Mark McKinney: [Laughs] Never! I think we knew pretty early on that we were all doing something that we were tremendously passionate about, but I don’t know if we could have ever prognosticated this kind of lifespan, though we’re really pleased with it. [When we started writing,] I saw an early screener of The Sopranos. Before that, an hour of a television series meant a kind of specific, boxed-in thing to me, and that opened up the whole landscape. When Susan and I and Bob grew it to an hour—it was originally going to be a half hour—we all just started pouring in our experiences to date.
The driving force isn’t finding a killer or saving someone’s life, as it is on so many TV shows. It’s “How should we stage Hamlet?” and “Can we be commercially successful without compromising our artistic integrity?” Yet the stakes feel very high.

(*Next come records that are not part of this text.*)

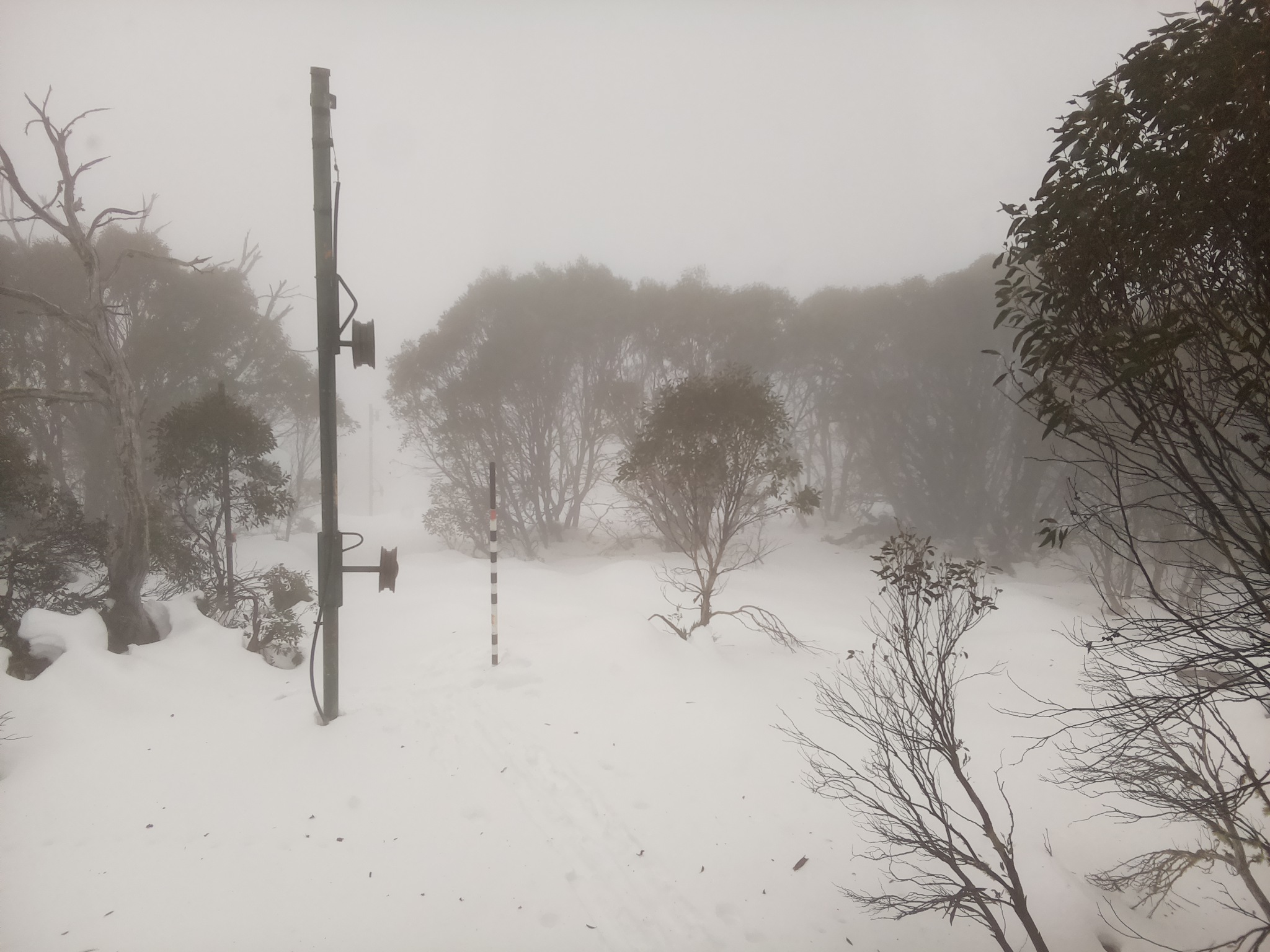 Bogong Web Cam 9:20am Monday 23rd of June 2025
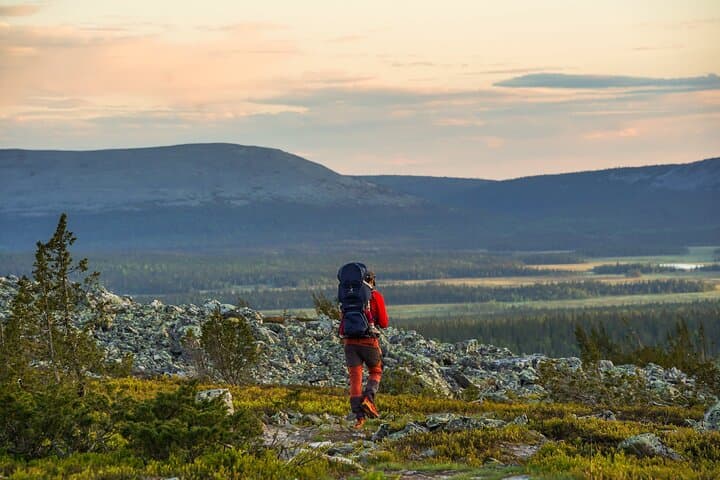 Arctic Wilderness Sunset Hike from Rovaniemi — Midnight Sun, Firecraft & Survival Skills photo 5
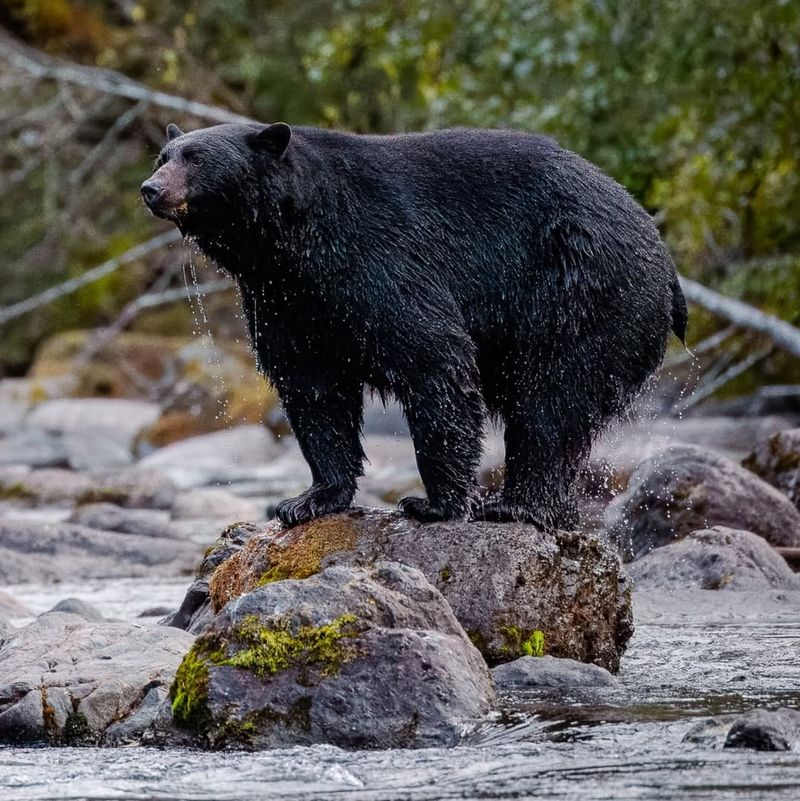 American Black Bear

So many people we drew from work in classical theater, so yes, these are the stakes. And they’re life-and-death stakes. Money’s always tight in theater unless you’re a big festival, and then if you’re a big festival, you’ve got to maintain your overhead. It’s this endless war. We were generally passionate about this question. We were able to pull in an audience to understand it because we did take it seriously.
The three of you have writing credits on all 18 episodes. How closely did you work together? Would you be in the same room when you were writing?
Oh, yeah. We all wrote around Susan Coyne’s kitchen table in her house in Toronto. Before that, she’d come to New York a few times when I was there, but especially when Bob joined on, we just talked and talked and talked for three or four hours every day and just kept telling the story and improving it and going back and reworking it. It was a highly indulgent process, but really fun. We took a long time with it. I think we started writing in 1998 or 1999. The thing wasn’t produced until 2003.
But you didn’t take that long with subsequent seasons. They came pretty quickly after that first season.
Toward the end of writing the first season, we’d already started saying, “Too bad we can’t do this, too bad we can’t do that.” We came up with the idea of the three ages of man: Start with Hamlet, which is young and vital and bloody, and then the Scottish play [Macbeth] and then [King] Lear. We wanted to say things about certain aspects of life in theater, like what it’s like to get old and feeling on the cusp of being forgotten. There were so many pieces that naturally came out of the conversations we were having in Season 1 that the other two seasons were already seeded. Written, not expanded upon, but kind of all just there waiting to be born.
When did you and Susan Coyne decide that you were going to play Richard and Anna, the festival’s administrator?
I don’t know how it happened, though I think we both had to audition.
You had to audition for a show that you cowrote?
Yeah, out of deference to our director [Peter Wellington], who didn’t know us. It’s one thing to take a job; it’s another thing to say you’re going to direct all six episodes and you’ve got no say in [who plays] your major characters. I auditioned from a hotel in Winnipeg in the middle of a winter storm and sent it out. And I nailed the audition, obviously. [Laughs]
What’s happening with the Slings & Arrows prequel that you, Susan, and Bob have written?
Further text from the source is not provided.